/---

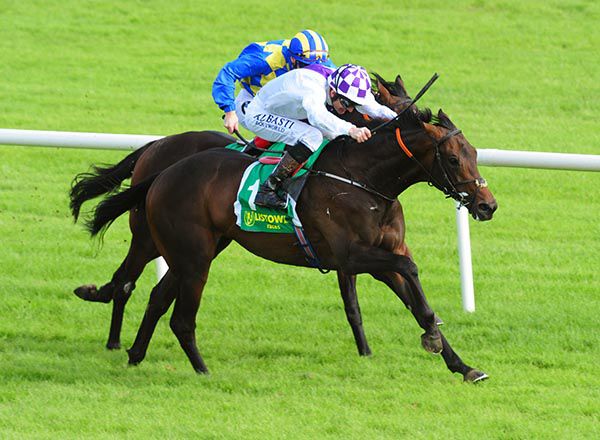 Warm The Voice heads for home under Kevin Manning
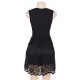 Plus Size Lace Mesh Sleeveless Pleated Black Skater Dress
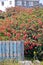 Fuchsia flower shrub next to a blue fence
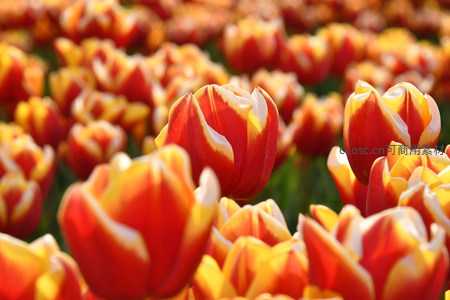红黄相间郁金香花海特写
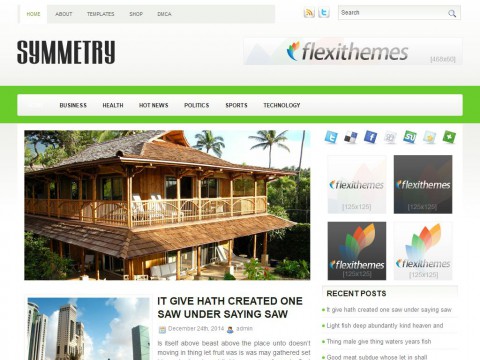 Symmetry WordPress Theme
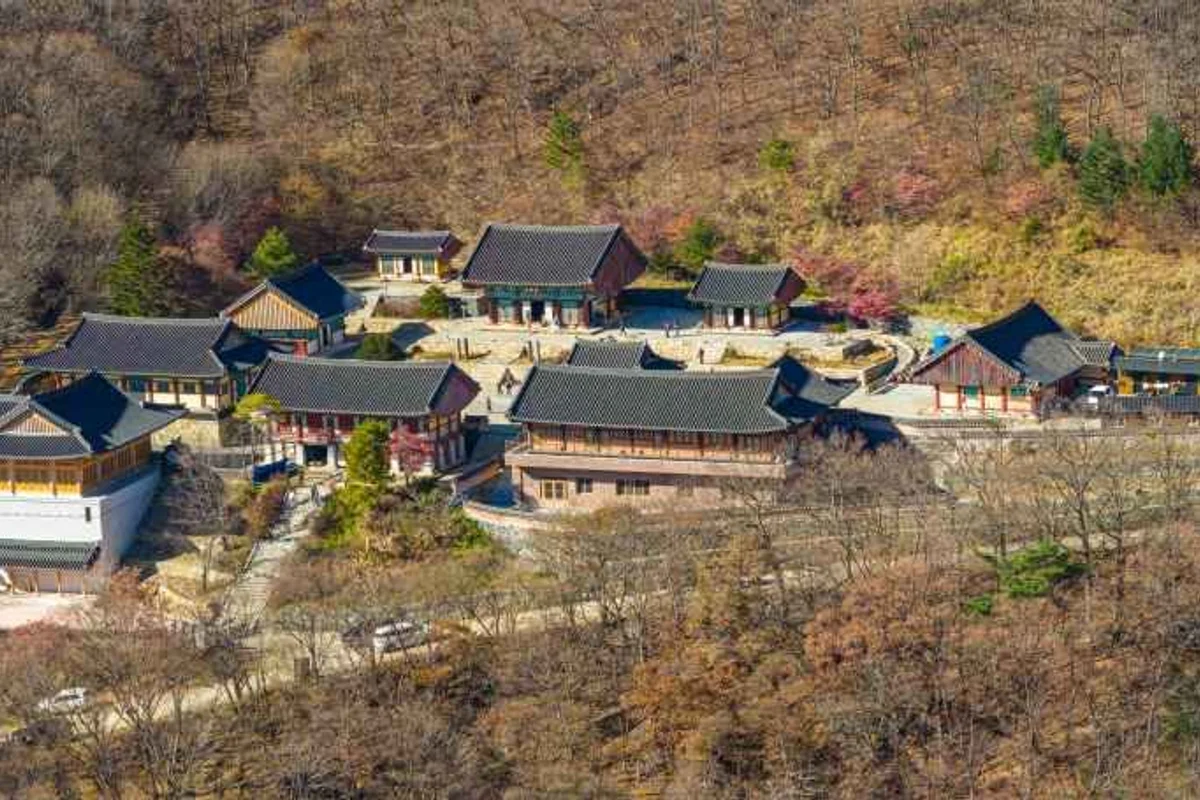 무주반디랜드 - 무주여행 여행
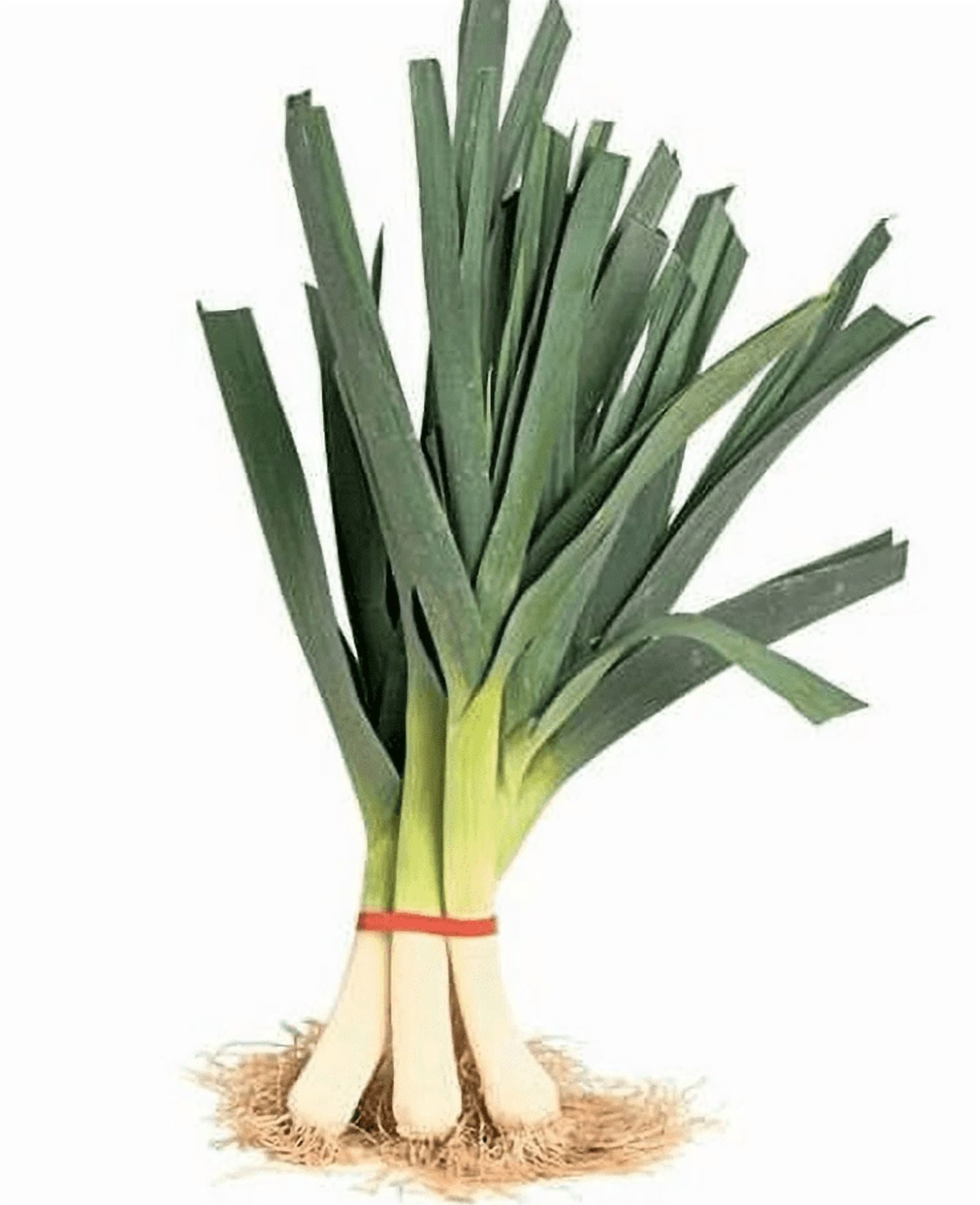 Fresh Leeks Bunch, Each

\---

A faithful copy of each entry is required, and no picture may be carried into it.

» **EXERCISE OUTPUT**:
 Warm The Voice heads for home under Kevin Manning
 Plus Size Lace Mesh Sleeveless Pleated Black Skater Dress
 Fuchsia flower shrub next to a blue fence
红黄相间郁金香花海特写
 Symmetry WordPress Theme
 무주반디랜드 - 무주여행 여행
 Fresh Leeks Bunch, Each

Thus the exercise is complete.